Emerging market borrowers have come through the summer storms battered but unbowed. This description could also apply to staff at the World Bank after the turmoil surrounding the forced departure of former president Paul Wolfowitz. Incoming World Bank head Robert Zoellick faces a difficult task in restoring morale among staff at the supranational agency, while not giving ground on the need to tackle corruption in its client countries.
Zoellick also has to continue the work of reshaping the way the World Bank pursues its goal of alleviating poverty. Some of this involves a move from direct lending to enabling World Bank clients to better manage their core risks. Evolving financial instruments that blend capital market and insurance industry techniques can play a role here, and IFR examines the successes and failures to date in using weather derivatives to manage emerging market risk.
The World Bank also has to adapt to changes in the political and economic backdrops in different regions. China is making an increasingly aggressive push into lending in Africa, as it pursues its political goal of securing access to natural resources. This complicates the task of traditional multilateral lenders like the Work Bank.
The growing maturity of the central and Eastern European components of the EEMEA market space is also bringing change to the role of the agency lender. For true emerging market exposure, equity and loan investors are beginning to look at sub-Saharan Africa. IFR examines those markets.
Specialist supranational institutions have also been forced to evolve. IFR looks at how the Inter-American Development Bank is attempting to shift from direct lending to fostering of securitisation markets, loan guarantees and local currency trades and also examines the Asian Development Bank's efforts to face up to the challenges that come out of Asia's growing prosperity.

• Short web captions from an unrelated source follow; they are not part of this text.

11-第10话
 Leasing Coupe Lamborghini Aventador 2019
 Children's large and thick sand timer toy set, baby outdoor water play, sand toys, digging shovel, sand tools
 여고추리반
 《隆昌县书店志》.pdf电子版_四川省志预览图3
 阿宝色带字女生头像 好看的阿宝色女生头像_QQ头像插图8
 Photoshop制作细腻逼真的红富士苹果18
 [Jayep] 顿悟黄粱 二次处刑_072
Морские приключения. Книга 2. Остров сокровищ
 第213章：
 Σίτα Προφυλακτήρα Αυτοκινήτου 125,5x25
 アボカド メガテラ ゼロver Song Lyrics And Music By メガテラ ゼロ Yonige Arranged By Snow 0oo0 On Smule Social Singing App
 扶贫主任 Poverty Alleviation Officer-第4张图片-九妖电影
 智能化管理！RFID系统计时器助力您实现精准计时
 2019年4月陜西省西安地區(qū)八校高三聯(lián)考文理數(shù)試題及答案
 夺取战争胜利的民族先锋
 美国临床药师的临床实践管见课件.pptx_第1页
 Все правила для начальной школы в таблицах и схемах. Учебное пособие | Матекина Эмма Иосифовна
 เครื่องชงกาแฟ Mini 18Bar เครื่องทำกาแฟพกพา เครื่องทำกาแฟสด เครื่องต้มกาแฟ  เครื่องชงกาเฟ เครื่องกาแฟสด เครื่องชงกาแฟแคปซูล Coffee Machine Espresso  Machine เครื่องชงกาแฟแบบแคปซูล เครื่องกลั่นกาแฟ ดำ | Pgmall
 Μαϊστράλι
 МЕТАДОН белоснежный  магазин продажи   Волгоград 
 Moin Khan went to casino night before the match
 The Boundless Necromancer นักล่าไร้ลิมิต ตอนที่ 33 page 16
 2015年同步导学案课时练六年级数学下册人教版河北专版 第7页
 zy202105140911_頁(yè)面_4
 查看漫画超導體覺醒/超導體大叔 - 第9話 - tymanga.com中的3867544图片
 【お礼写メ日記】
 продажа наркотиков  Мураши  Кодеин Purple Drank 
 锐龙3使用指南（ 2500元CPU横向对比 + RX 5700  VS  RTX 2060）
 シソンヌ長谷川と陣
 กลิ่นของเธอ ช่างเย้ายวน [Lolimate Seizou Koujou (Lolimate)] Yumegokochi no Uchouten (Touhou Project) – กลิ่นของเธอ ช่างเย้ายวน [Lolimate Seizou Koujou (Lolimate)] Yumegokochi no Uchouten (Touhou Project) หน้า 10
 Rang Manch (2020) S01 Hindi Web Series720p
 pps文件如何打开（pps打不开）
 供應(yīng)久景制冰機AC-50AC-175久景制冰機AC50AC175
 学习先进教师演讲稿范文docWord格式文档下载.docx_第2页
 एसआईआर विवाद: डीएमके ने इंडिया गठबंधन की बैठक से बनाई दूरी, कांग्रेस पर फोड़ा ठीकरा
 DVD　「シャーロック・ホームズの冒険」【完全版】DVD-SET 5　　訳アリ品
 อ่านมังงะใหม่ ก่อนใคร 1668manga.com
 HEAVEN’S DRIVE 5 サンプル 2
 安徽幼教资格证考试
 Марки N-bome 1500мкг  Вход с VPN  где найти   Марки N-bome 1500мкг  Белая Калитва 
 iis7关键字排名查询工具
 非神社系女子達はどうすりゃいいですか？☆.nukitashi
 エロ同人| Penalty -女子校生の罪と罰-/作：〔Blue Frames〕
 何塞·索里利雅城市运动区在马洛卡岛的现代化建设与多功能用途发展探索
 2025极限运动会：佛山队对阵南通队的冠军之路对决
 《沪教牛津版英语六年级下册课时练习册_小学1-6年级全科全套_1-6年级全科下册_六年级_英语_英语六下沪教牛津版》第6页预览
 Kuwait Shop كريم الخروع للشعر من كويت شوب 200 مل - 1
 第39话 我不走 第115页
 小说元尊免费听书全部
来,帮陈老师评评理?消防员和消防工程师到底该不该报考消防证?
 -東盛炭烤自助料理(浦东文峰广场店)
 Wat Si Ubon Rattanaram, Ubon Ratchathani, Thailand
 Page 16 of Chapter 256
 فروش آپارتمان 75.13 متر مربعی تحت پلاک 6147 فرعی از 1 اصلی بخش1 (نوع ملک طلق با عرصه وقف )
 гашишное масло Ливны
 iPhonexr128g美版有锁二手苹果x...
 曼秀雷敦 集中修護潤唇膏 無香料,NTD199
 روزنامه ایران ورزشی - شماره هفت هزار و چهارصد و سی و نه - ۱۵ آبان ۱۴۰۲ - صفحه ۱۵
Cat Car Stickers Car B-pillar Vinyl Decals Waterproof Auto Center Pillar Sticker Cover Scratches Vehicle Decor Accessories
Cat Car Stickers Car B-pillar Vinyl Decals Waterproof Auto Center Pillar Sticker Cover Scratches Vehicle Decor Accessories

We also look at the way major emerging market borrowers weathered the global crisis of confidence seen during the summer. Credit spreads for Argentina more than doubled as investors added concern about the effect of the coming presidential election on borrowing to the general worry that prices had rallied too far during the recent bull-run.
Brazil has also seen spread widening, but it remains the success story of the region. Clumsily handled regulatory reform is stalling the progress of some new capital markets in Brazil, but its economic fundamentals have never been better.
Like other Latin American countries, Brazil has moved to free itself of dependence on the IMF by paying back money it owed to the fund.
A major driver of this trend has been Venezuela’s Hugo Chavez, who has been willing to throw the country’s oil wealth behind a move to reduce reliance on the IMF. IFR looks at whether this spending spree is sustainable, and how it changes the dynamics of emerging market funding.